Senilità (released in North America as Careless) is a 1962 Italian film directed by Mauro Bolognini. It stars Claudia Cardinale and Anthony Franciosa, and is based on the novel Senilità by Italo Svevo.

==Plot==
Approaching 40, Emilio, has lived among ideas and books, and is looking for a short-term relationship with no responsibilities. He seeks to emulate his friend Stefano (a successful womanizer) and tales of adventure that he has read about in books, but not experienced.

He meets the younger Angiolina, a beautiful and vivacious lady, whom he perceives as free and innocent. He will educate her in the ways of the world and reduce her naivety.

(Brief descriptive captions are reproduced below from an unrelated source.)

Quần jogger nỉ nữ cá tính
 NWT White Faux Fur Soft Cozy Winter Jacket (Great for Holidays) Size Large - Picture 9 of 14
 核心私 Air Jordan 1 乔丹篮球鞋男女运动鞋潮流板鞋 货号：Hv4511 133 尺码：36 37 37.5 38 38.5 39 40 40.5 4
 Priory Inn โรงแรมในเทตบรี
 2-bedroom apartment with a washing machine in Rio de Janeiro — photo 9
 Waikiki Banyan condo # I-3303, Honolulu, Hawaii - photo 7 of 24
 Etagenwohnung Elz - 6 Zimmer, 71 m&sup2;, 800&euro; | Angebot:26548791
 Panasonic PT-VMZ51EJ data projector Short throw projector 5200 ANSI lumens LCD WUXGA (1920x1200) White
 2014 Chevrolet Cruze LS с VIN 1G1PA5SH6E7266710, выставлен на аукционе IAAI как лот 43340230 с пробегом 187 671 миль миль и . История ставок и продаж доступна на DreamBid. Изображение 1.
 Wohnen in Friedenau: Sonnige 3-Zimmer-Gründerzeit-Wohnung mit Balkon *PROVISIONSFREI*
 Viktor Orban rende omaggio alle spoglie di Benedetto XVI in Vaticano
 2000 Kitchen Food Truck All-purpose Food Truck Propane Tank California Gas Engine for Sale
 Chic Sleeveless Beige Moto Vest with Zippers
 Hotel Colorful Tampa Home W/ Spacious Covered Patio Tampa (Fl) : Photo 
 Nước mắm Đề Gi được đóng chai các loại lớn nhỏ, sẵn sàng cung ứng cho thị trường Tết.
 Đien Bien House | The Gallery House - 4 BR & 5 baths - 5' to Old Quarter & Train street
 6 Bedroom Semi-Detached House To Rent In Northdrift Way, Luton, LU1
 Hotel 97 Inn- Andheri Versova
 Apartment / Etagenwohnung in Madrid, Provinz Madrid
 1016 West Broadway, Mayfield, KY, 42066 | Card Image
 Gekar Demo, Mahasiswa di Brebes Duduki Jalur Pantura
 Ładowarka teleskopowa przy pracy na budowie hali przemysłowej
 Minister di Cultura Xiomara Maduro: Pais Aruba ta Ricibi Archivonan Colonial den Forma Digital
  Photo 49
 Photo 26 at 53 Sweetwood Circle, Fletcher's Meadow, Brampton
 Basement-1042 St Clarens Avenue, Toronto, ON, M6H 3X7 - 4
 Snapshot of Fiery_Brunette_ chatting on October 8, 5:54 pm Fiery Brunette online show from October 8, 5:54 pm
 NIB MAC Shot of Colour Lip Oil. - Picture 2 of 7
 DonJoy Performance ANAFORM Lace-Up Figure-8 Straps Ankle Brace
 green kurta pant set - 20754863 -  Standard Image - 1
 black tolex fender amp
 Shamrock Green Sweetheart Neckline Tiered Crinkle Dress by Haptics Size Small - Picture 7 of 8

He happily tells his sister, Amalia, with whom he lives, of the encounter. She tells him not to do anything stupid, and asks if the lady is honest.

A colleague drops hints that Angiolina may not be quite the "little angel" that her name suggests. Photos in her home also suggest that she has known a number of men previously. Progressive observations of Angiolina, around Trieste, reveal her with multiple men.

During a trip to a restaurant, Angiolina also develops an instant rapport with Stefano, and he persuades her to pose for him ("dressed") in his work as a sculptor.

Meanwhile, his sister Amalia develops an infatuation with the talented Stefano. When Emilio stops Stefano from seeing her any more, it leads to tragic consequences...

==Cast==
- Anthony Franciosa: Emilio Brentani
- Claudia Cardinale: Angiolina Zarri
- Betsy Blair: Amalia Brentani
- Philippe Leroy: Stefano Balli
- Raimondo Magni: Visentini
- Aldo Bufi Landi: Soriani

== Accolades ==

- 1962 – San Sebastián International film festival
  - Concha de Plata fot Best Director: Mauro Bolognini
- 1963 – Nastro d'argento
  - Best Costumes: Piero Tosi
  - Best Scenography: Luigi Scaccianoce

== Legacy ==
A 2009 documentary, Senilità – Da Italo Svevo a Mauro Bolognini, "aims to revive those days 50 years ago, through the memories of those who participated or only attended the filming of the movie".

A 2019 Bolognini retrospective at the French Cinémathèque recalled that the film is a good example of how the filmmaker was "exceptional at directing actors".